We then store the framework in a single location and have every site pull it in from there. Then, of course, there are also site-specific stylesheets for each site which overwrite and add to the framework’s default as necessary.

A word of caution

This method works quite well, but there is a valid concern to be raised: it adds to the number of HTTP connections needed to render each page. On large, high-traffic sites, adding five more HTTP connections to every page view may result in angry system administrators. Two possible solutions to this are:

  1. Include everything in a single file, rather than breaking it into modules. The problem here is that you lose the ability to include only certain parts of the framework, and you also make maintenance more difficult.
  2. Have a server-side process that dynamically flattens the individual files into a single response. I’ve not seen this done, but it could be very efficient if done well. Using my example framework above, this dynamic process could occur when base.css is requested, but not when type.css, grids.css, etc. are. This way, the individual components are still available, but the entire framework is available in a flattened version, as well.

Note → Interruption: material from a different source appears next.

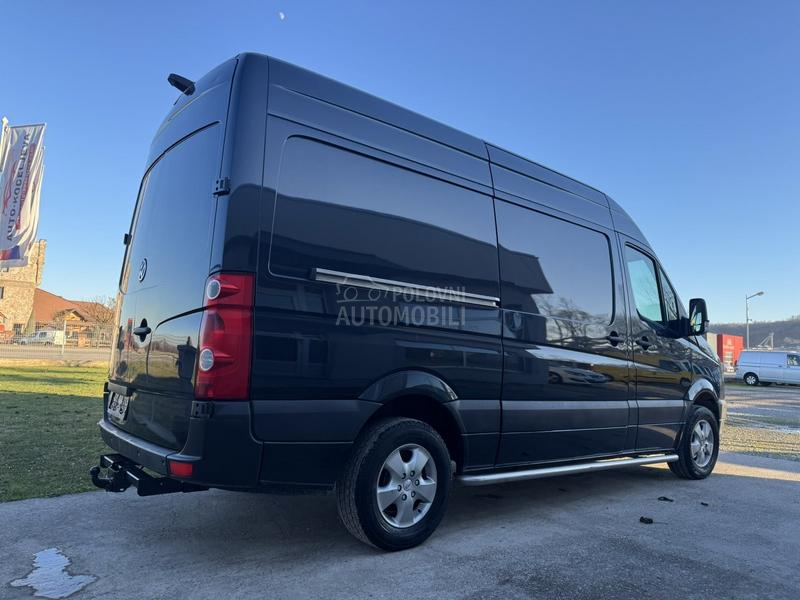 Volkswagen Crafter 2.5tdi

In the end, it’s important to keep in mind that the goal isn’t making things as abstract as possible so that you can impress your friends. Rather, the goal is to get you off to a fast start and make your design process more efficient. It is definitely possible to over do it. If you abstract too much, things start to get confusing, and you end up hurting your website’s performance with too many HTTP requests.

Remember: a good framework should never make things harder or more complex than simply starting from scratch.

In conclusion

The bottom line is that we web designers, just like our friends in the programming world, tend to repeat ourselves often. We find ourselves resetting the browser default styles, setting up a baseline grid and writing CSS for navigation tabs over and over again—on almost every project. Taking a bit of time out to abstract some of these idioms into a framework that you can utilize on every site you build will get you off to a faster start, make for easier maintenance, and help the other designers on your team understand the decisions you made. With a bit of care, these benefits can be realized without adding bloat or hurting the performance of a website.